Question (b): Are field-based employees to be paid a first aid allowance when performing confined space work in particular?

  1. The union contended that, in the event the Commission were not satisfied that the first aid allowance should be paid to all field-based employees, it should find that the allowance is payable to field-based employees when performing confined space work. The union submitted that various internal documents and policies demonstrate that field-based employees are in fact responsible for rendering first aid in the setting of confined space work.

  1. The company contended that the union’s reference to these documents, which I discuss below, constituted an attempt to use evidence of surrounding circumstances to contradict the plain language of the Agreement, and that the relevant documents should therefore not be admitted. I do not agree. The union refers to these documents not to inform the interpretation of the Agreement, but to endeavour to show that the facts of the present case fall within clause 4.3.1. The union contends that field-based employees have indeed, as a matter of fact, been appointed to be responsible to render first aid in connection with confined space work. It makes the following submissions.

  1. First, the union says that the APA Fatal Risk Protocol for confined spaces states that ‘[o]nly personnel who are competent in administering first aid should be involved in confined spaces’.[13] Similarly, the relevant Safe Work Method Statement identifies senior first aid training as a required competency to safely undertake this kind of work. However, these matters go to competencies and qualifications, not appointment.

  1. Secondly, the union submitted that the APA Fatal Risk Protocol contains a requirement that ‘prior to a confined space entry, a rescue plan shall be in place’. It says that the corresponding Confined Space Entry Emergency Rescue Plan document[14] requires that a designated ‘first aider’ be identified, and that it contains express instructions that in certain circumstances, first aid is to be performed on another employee. The Rescue Plan is a pro forma document that requires certain details to be inserted. It specifies ‘emergency instructions’, which include a ‘standby person’ calling ‘000’, and an instruction to ‘commence first aid.’ There is also a table, which features a column headed ‘site resources’, under which are listed ‘entry person’, ‘standby person’, ‘first aider’, and ‘other.’ The union says that an employee who was listed on the document as a first aider but did not follow the instructions to administer first aid would not be demonstrating the expected behaviour outlined in the APA Values and Behaviours document.[15] It says that such a person would also be in breach of APA’s Health, Safety and Environment Policy,[16] as well as APA’s Health, Safety & Environment ‘Non Negotiables’ Policy. The latter requires ‘all persons undertaking a hazardous job (to) follow the APA permit system process,’ and that all staff and contractors must comply with these protocols at all times. Additionally, the union says that an employee who did not perform first aid in accordance with the instructions on the Rescue Plan would be in breach of clause 6 of the Agreement, which requires that all employees must comply with the employer’s safety policies and procedures as amended from time to time.

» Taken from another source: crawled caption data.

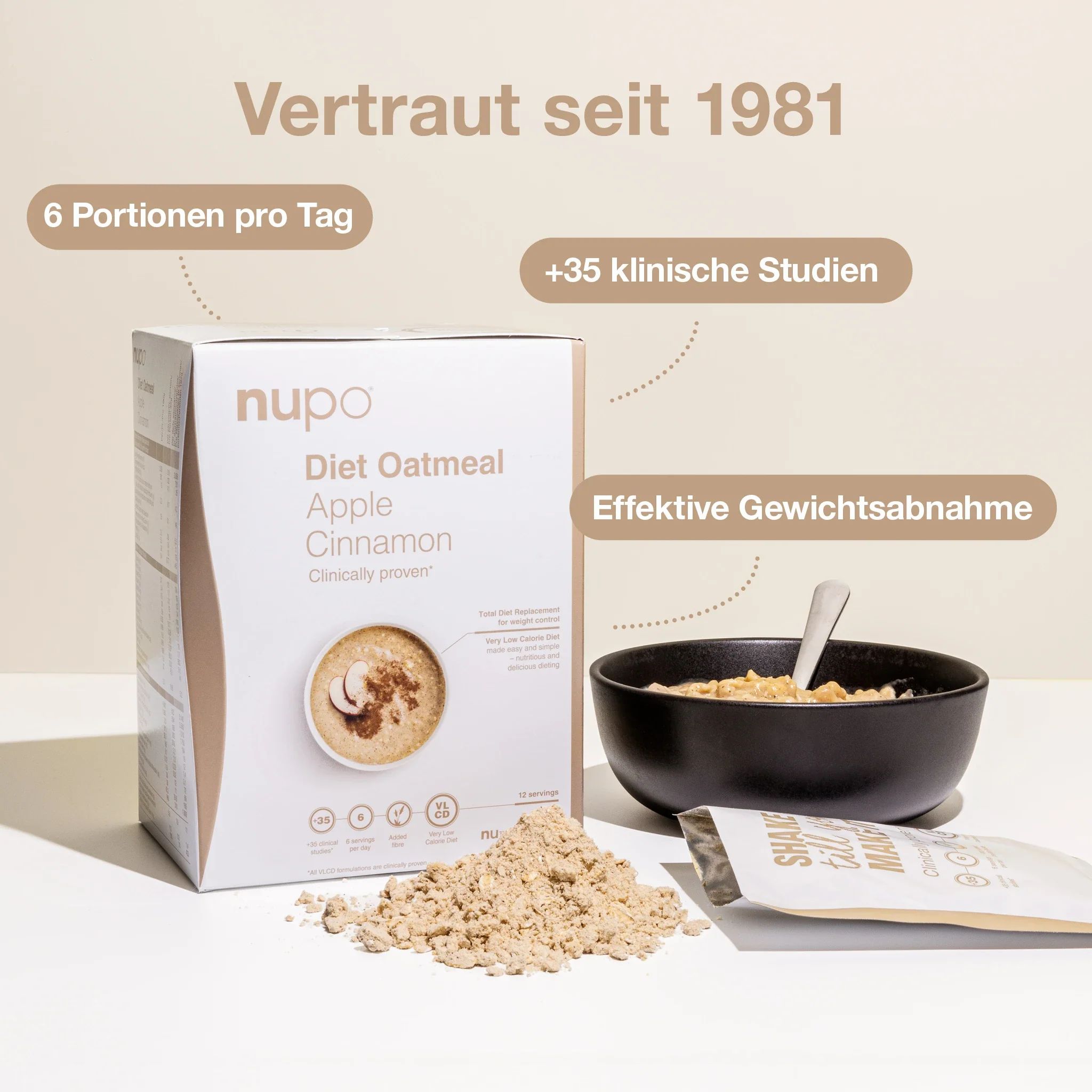 nupo Diet Oatmeal Apple Cinnamon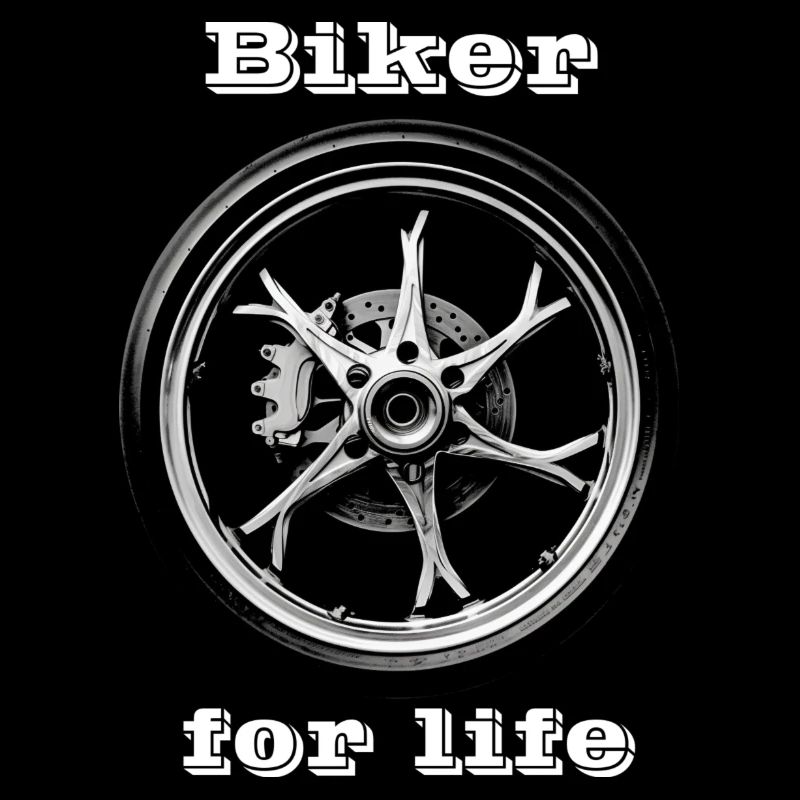 Biker for Life blanc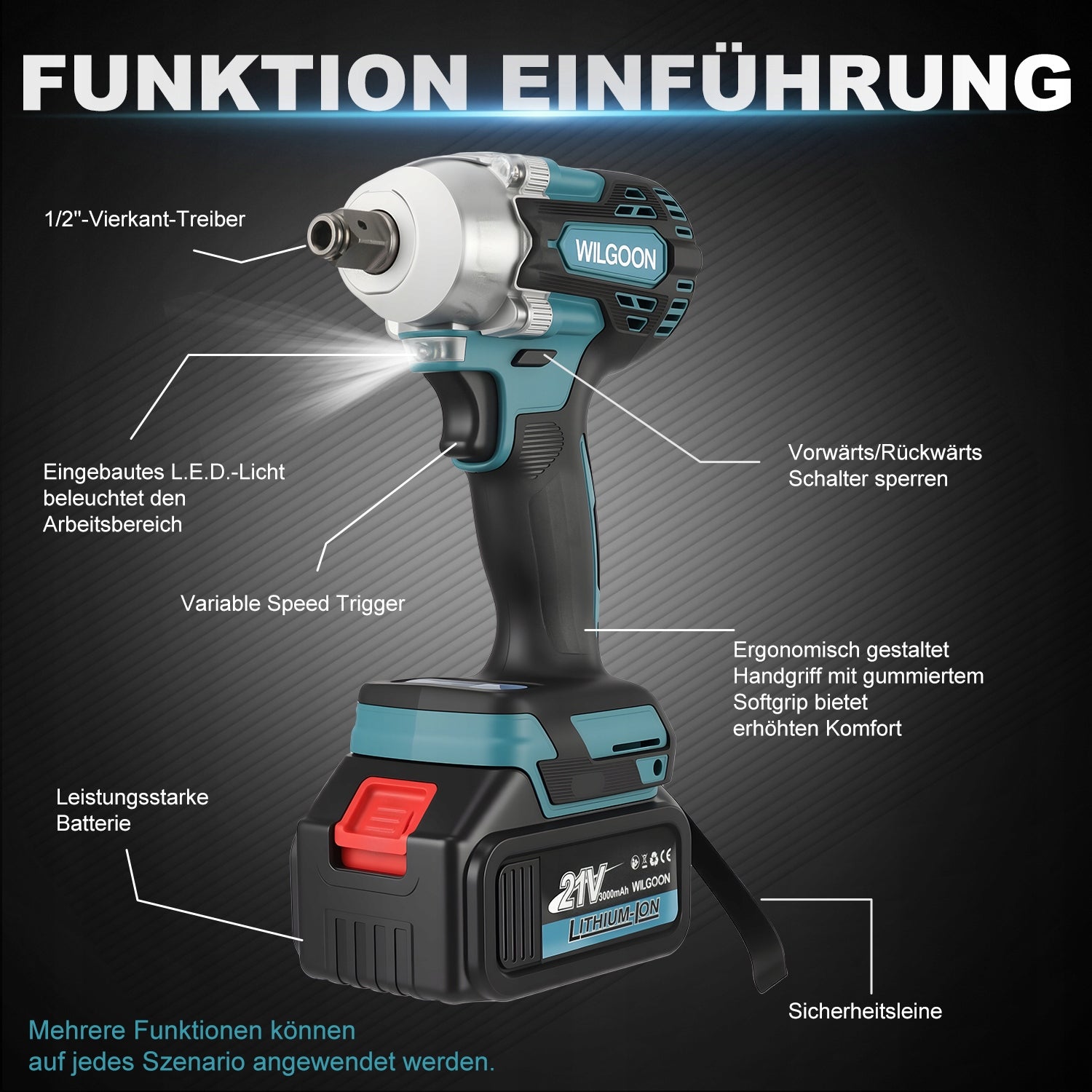 Brushless Cordless Hammer Drill/Driver with 2 3000mAh Batteries 21V Manufacturer code H-TS00013 serena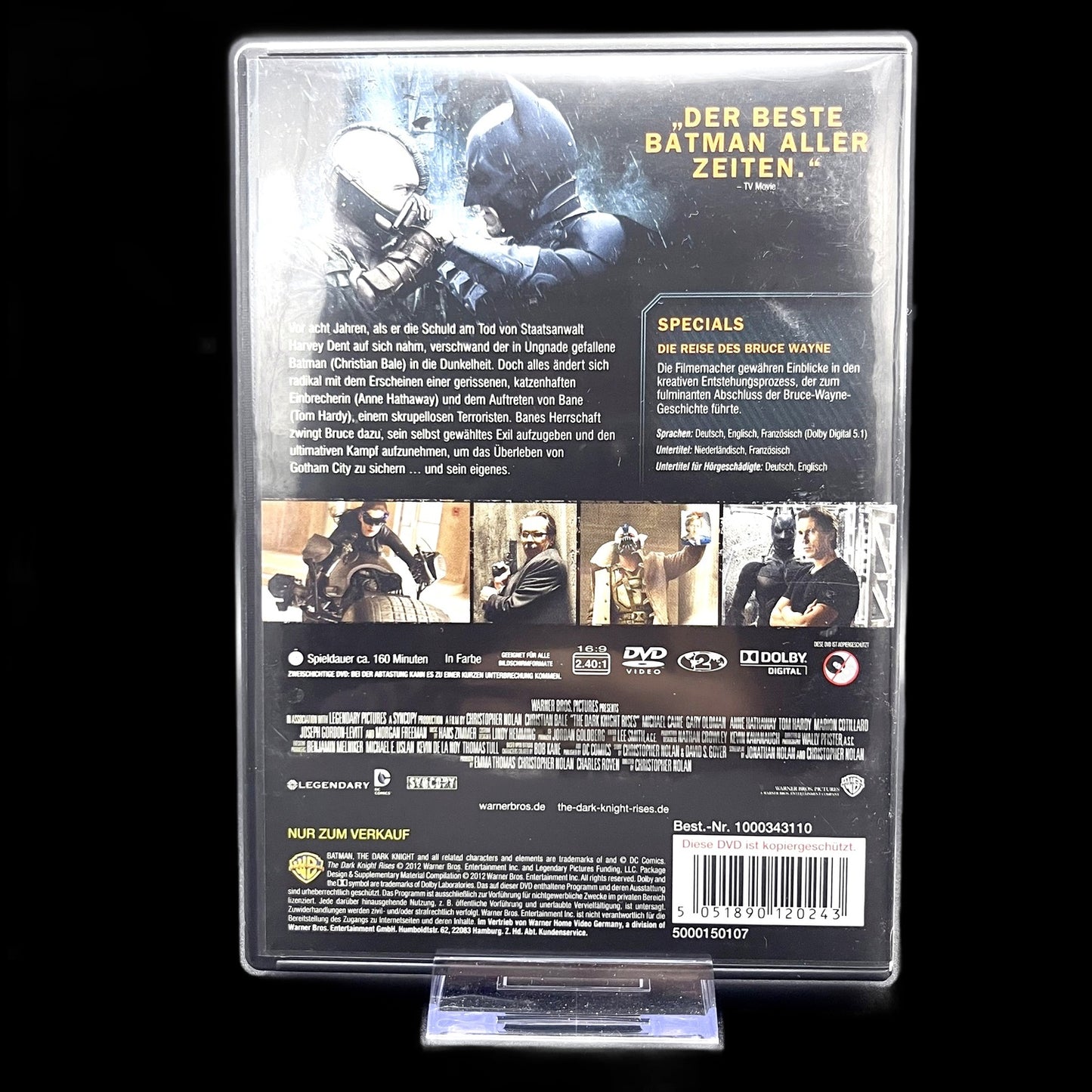 The Dark Knight Rises - Batman - Amaray Hülle - 1 DVD - Action - DVD - Gebraucht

  1. However, as was the case in relation to the analysis of question (a), the policies referred to reflect a company expectation and requirement that employees use first aid skills and training where needed. This is not the same thing as appointing an employee or employees to be responsible for rendering first aid. I recognise that the need for appropriate provision for first aid response is more acute in relation to confined space work, which presents a presumptively more dangerous working environment. The company must satisfy its occupational health and safety obligations, but it is not necessarily required to activate clause 4.3.1 to do so.

  1. Further, as the company points out, the identity of the relevant ‘site resources’ contemplated in the Confined Space Entry Emergency Rescue Plan document, including who will be the ‘first aider’, are in fact completed by the field-based employees on site themselves. In his witness statement, Mr Davis said that the purpose of the Confined Space Plan is to confirm that at least one employee present has current first aid certification, and that, regardless of the employee named on the plan as the ‘first aider’, the company expects that if first aid is required, it can be rendered by any field-based employee present.[17] No particular person is appointed to be responsible for first aid.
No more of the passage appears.